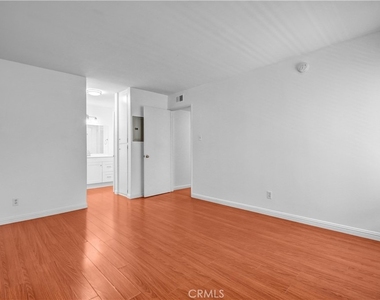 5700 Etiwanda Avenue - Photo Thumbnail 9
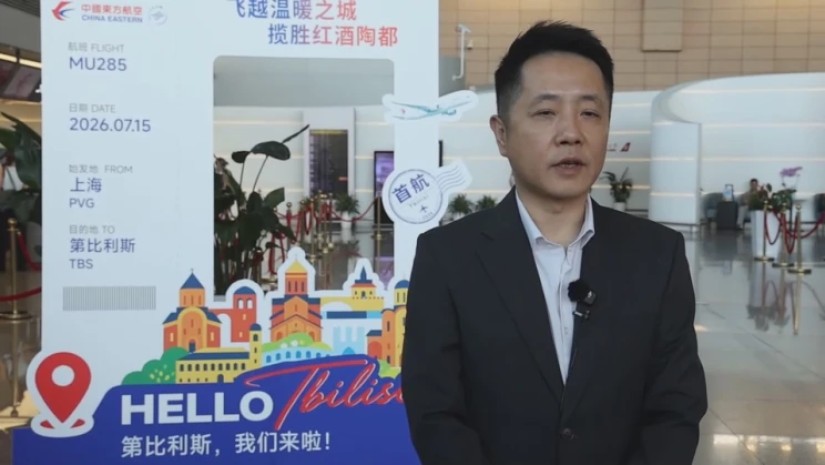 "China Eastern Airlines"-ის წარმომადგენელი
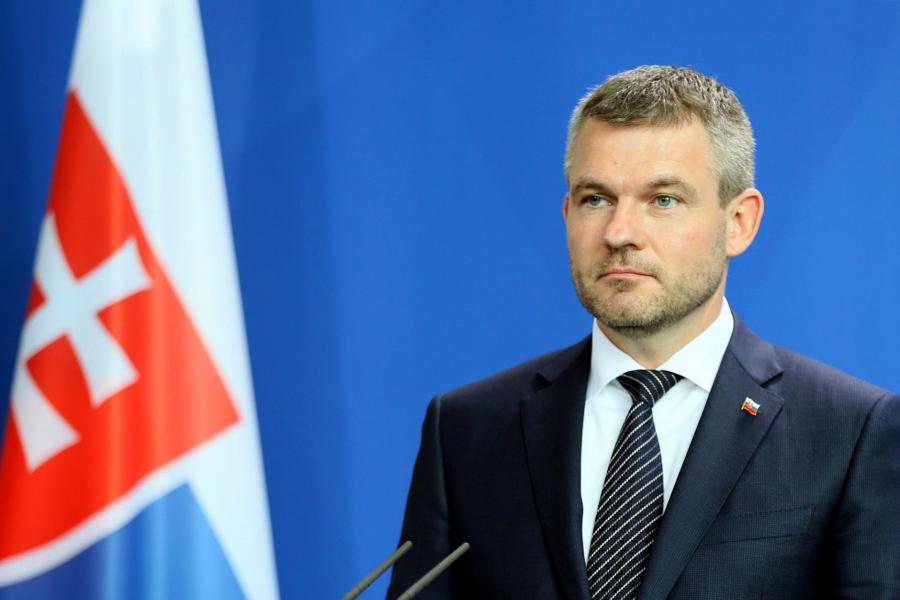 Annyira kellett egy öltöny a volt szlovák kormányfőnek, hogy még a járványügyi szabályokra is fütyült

* * *

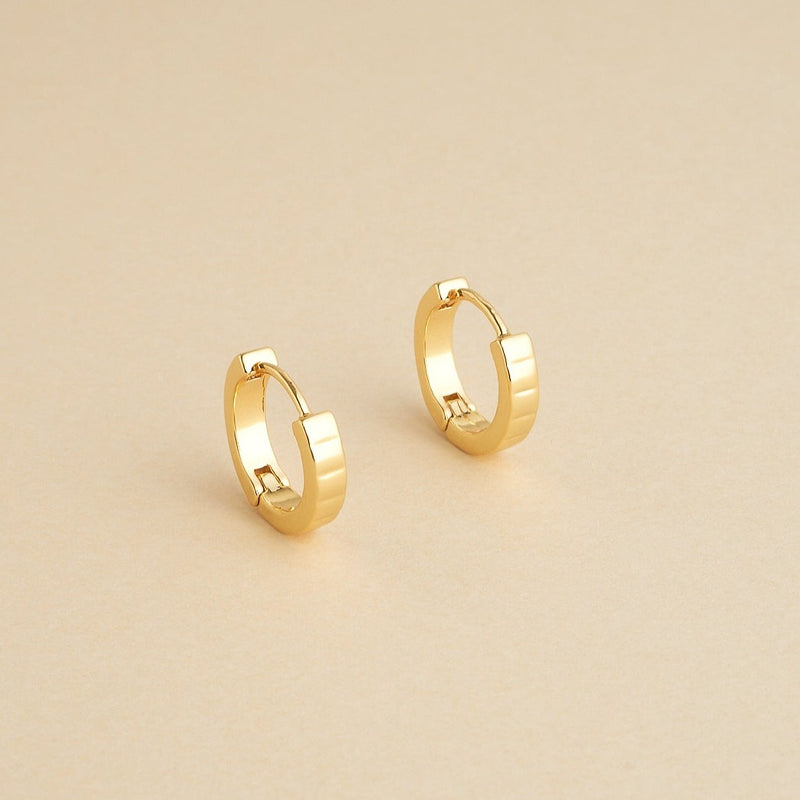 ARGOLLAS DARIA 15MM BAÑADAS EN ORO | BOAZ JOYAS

* Requirement
Your copy should hold only the lines above from the one containing "5700 Etiwanda Avenue - Photo Thumbnail 9" through the one containing "Annyira kellett egy", exactly as written and free of pictures.

* Written response
 5700 Etiwanda Avenue - Photo Thumbnail 9
 "China Eastern Airlines"-ის წარმომადგენელი
 Annyira kellett egy öltöny a volt szlovák kormányfőnek, hogy még a járványügyi szabályokra is fütyült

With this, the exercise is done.